The ruling will call for the annual reduction of SO2 and NOx emissions to 6.4 million tons and 1.4 million tons, respectively, by 2014. This would reduce SO2 and NOx emissions 73% and 54%, respectively, from the 2005 levels. The EPA realizes the rule will affect more than 3,642 coal-, oil- and gas-fired generation units. Industrial Info is tracking 887 coal-fired units that will be affected. But approximately 70% of the power generated will come from these coal-fired units in the regulated areas that have or are planning to install state-of-the art SO2 controls, such as scrubbers; 50% of this generation has or will have NOx controls installed, such as selective cataylitic reduction devices (SCRs).

The rule outlines items such as installation of new environmental emission controls; fuel conversions; fuel switching; and the upgrading of existing environmental controls that will help generating units meet the required limits.

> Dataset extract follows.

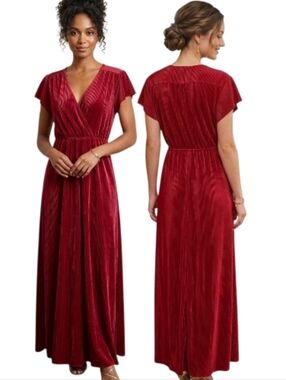 BALTIC BORN Pleated Faux Wrap Maxi Dress - Size M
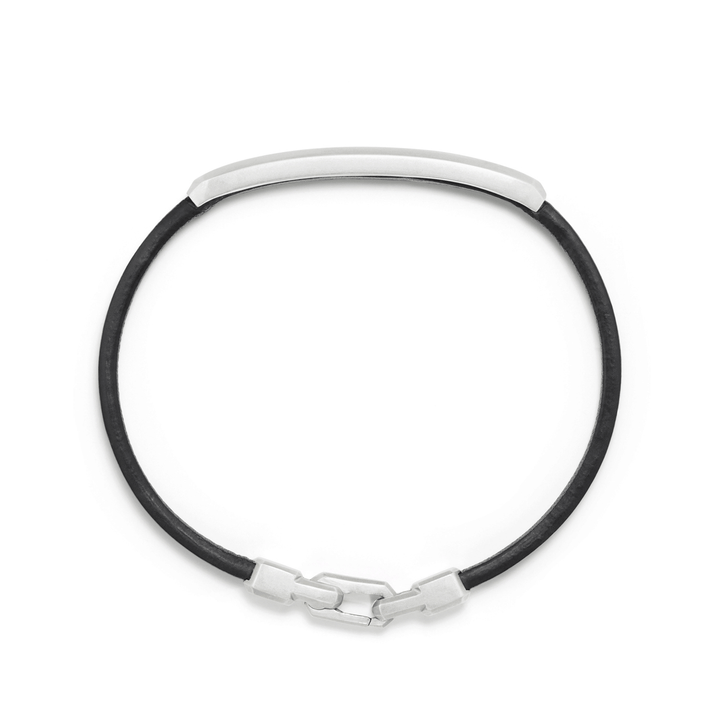 David Yurman Pavé Leather ID Bracelet with Black Diamonds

The rule is separated into two phases. Phase I, which will go into effect by January 2012, addresses NOx and SO2 emissions. The states affected by the ozone portion of this rule have until May 2012 for compliance. Phase I also addresses the PM2.5 rule that was proposed this summer. Phase II of the ruling goes into effect by January 2014. The interesting part of the EPA's rule is that even with all the emission requirements going out between now and middle of 2014, the agency still is projecting that two areas of the country will not be able to meet the ozone portion and the PM 2.5 requirements of the regulations. The EPA projects that the Houston-Galveston metropolitan area will be unable to meet the ozone requirement, and that the Pennsylvania area that includes Liberty and Clairton will be unable to meet the 24-hour fine particle standard.

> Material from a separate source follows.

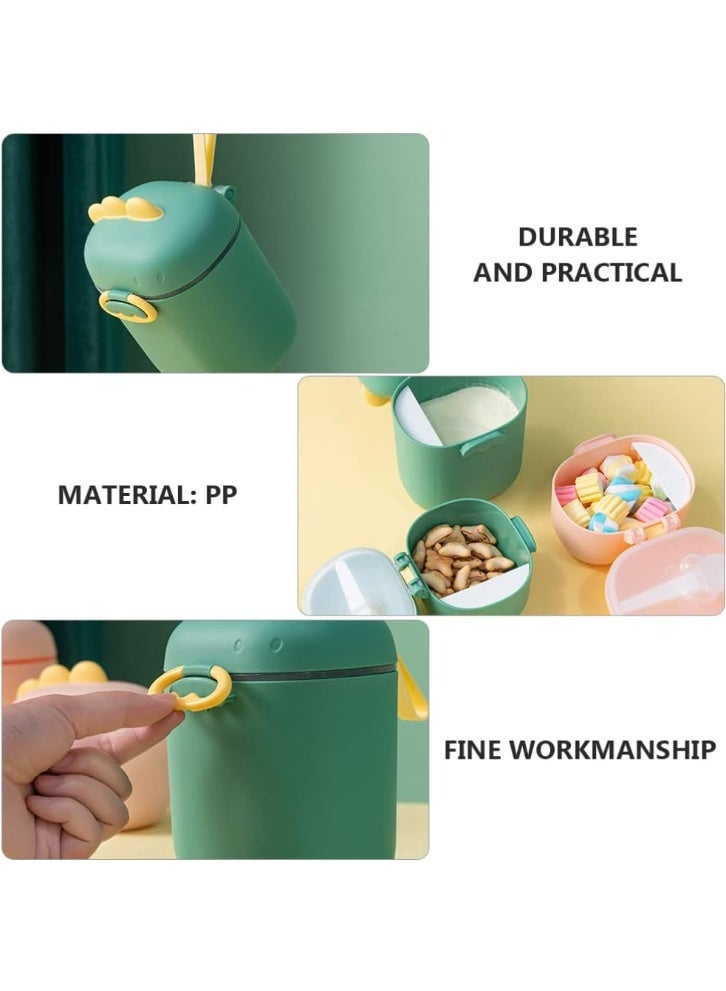 CLENEA Formula Dispenser with Scoop, Dinosaur Formula Container Portable Milk Powder Storage Box with Handle Fruit Snack Food Holder for Travel Outdoor (L) - Image 2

Industrial Info is tracking more than 100 emissions projects throughout North America with a total investment value of more than $9 billion. The company is also tracking more than 115 coal-fired units that are being considered for retirement due to this regulation, which equates to an estimated 24 gigawatts of electrical generation. We expect to see more announcements in the future of plant and unit closures, after cost evaluations are completed by electricity generators.

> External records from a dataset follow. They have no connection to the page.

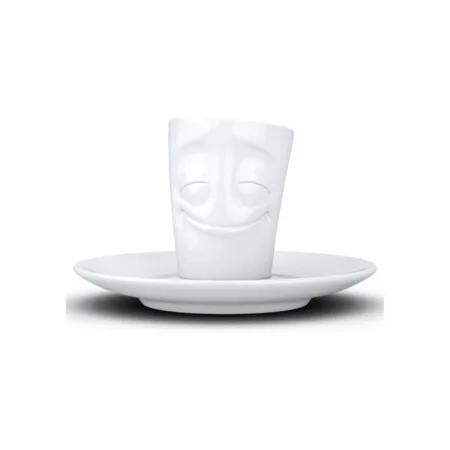 Tasse à expresso en céramique avec expression joyeuse, vue de face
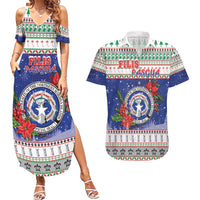 Northern Mariana Islands Christmas Couples Matching Summer Maxi Dress and Hawaiian Shirt Poinsettia Filis Pasgua LT05 Blue - Polynesian Pride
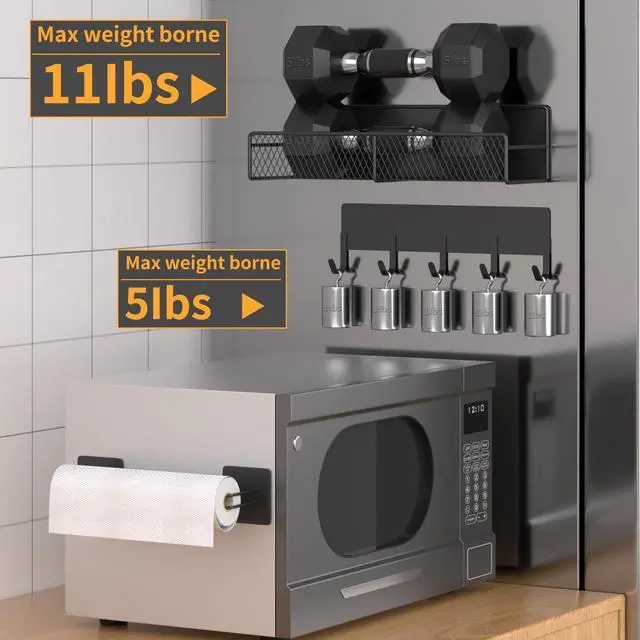 Alt view image 5 of 6 - Magnetic Spice Rack for Refrigerator, 10 Pack 100% Metal Strong Magnet Shelf, Moveable Spice Organizer W/ Adjustable Paper Towel Holder, Hook Rack & Utensil Caddy, Home Kitchen Laundry Storage, Black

The factors many of them will be looking at are such things such as the size, age and condition of the units; and the cost of the emissions retrofits, compared to the development and construction of other assets, such as natural gas-fired, combined-cycle power plants. Companies such as Duke Energy Corporation (NYSE:DUK) (Charlotte, North Carolina), Dominion Resources Incorporated (NYSE:D) (Richmond, Virginia), American Electric Power (NYSE:AEP) (AEP) (Columbus, Ohio) are already planning on replacing certain assets with combined-cycle facilities. For example, AEP is currently evaluating its Rockport generating station in Rockport, Indiana, for closure. Sources inside AEP have stated that if met with the full brunt of all the proposed EPA regulations, the estimated cost to bring the plant into compliance could be well over $1.5 billion. That is approximately two times the initial cost of the facility during its original construction.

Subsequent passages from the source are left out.